This is bad news, if the Governor of the Bank of Japan fears about asset bubbles in easing monetary policy in Japan. If there is one country within the G-7 that deserves to run a loose monetary policy, it is Japan and yet, he is cautious:

If a central bank starts to underwrite government bonds, there may be no problems at first, but it would lead to a limitless expansion of currency issuance, spur sharp inflation and yield a big blow to people’s lives and economic activities,” as has happened in the past, Shirakawa said in an April 7 press conference.

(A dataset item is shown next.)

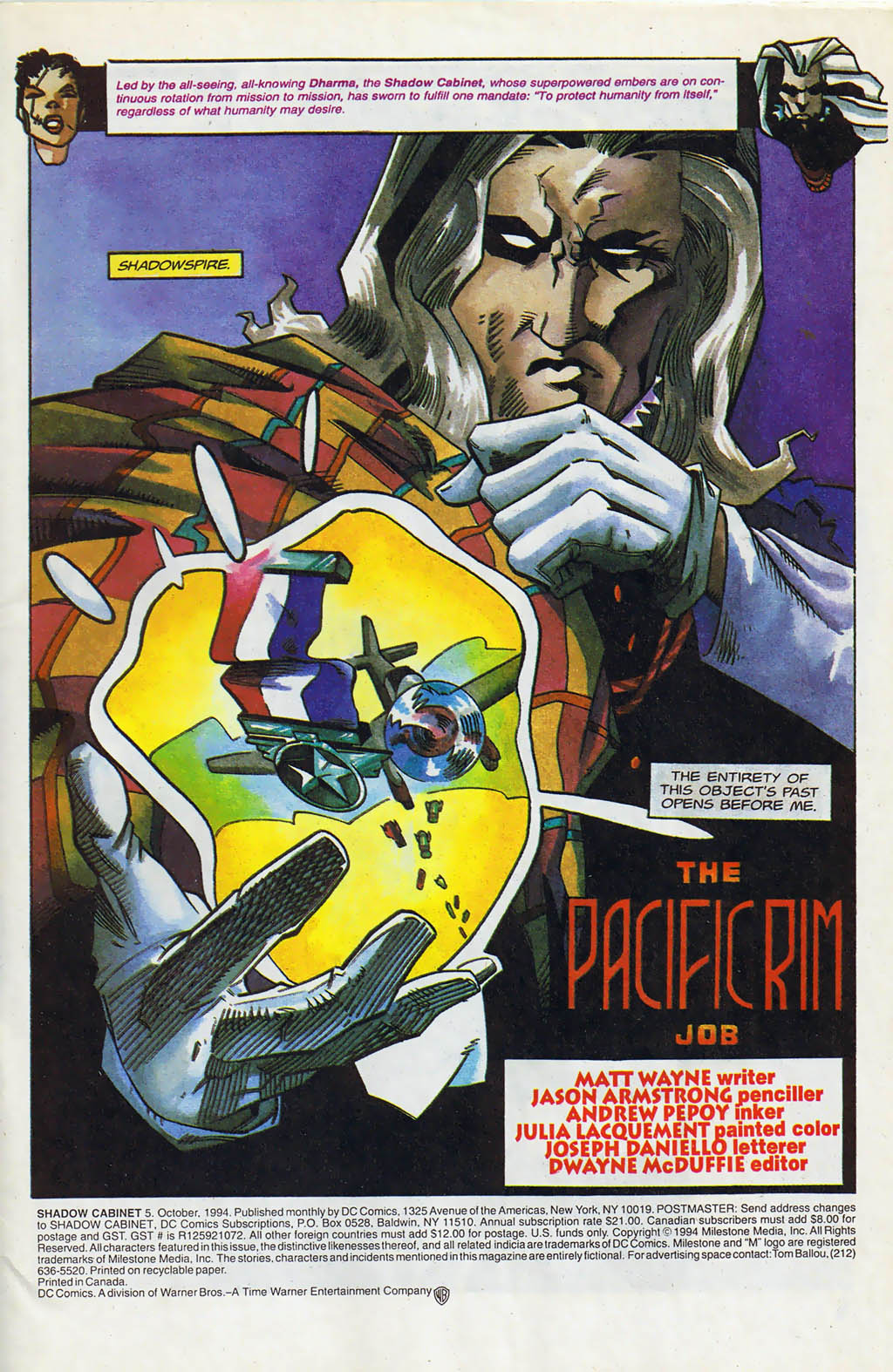 Read online Shadow Cabinet comic -  Issue #5 - 2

The BOJ chief has consistently warned against keeping interest rates too low for too long and planting the seeds for asset bubbles. He reiterated the point in a May 5 speech in Helsinki, saying that the 1980s bubble was brought on in part by “monetary accommodation.”

Any one looking for a classic example of the fallacy of treating economics as a rigid and uncompromising science would have got it in the above paragraphs.

No backbone; no need for muscles

Well, results for the five States that went to polls in India in April – Tamil Nadu, Kerala, West Bengal, Pondicherry and Assam – were announced yesterday. Now, the hope is that we can get on with governance. Now, if only it were so simple. That is the hope that ‘Business Standard’ expresses here.

I cannot see how the UPA gets muscles to implement reforms from these election results. It can only come from the defeat of its ally ,DMK. If it was the Communist allies who blocked reforms in UPA’s first innings, then was it DMK now? Then, are they really allies? Why has the UPA stuck with them if this is what allies are for? What about Mamata Banerjee who has scored a thumping victory in West Bengal, by default? Will she not block reforms? Why is the UPA sticking with her? The answer is that the alliances are about conveniences rather than convictions. Hence, to hope that the election results add muscle to UPA to pursue reforms assumes that UPA has the intent to pursue reforms. The UPA has no backbone on reforms; so it does not need muscles. If you had not read this piece on Dr. MMS by Madhu Kishwar, you can make amends now.

Pratap Bhanu Mehta strikes a tone of optimism:

If any party becomes complacent or arrogant, or too clever by half, the Indian voter will show them who has the last word.

The voters do their best to send unambiguous messages. Voter turnout was very high in these elections. But, voters are hamstrung by the sheer lack of choice. It is either Tweedledum or Tweedledee.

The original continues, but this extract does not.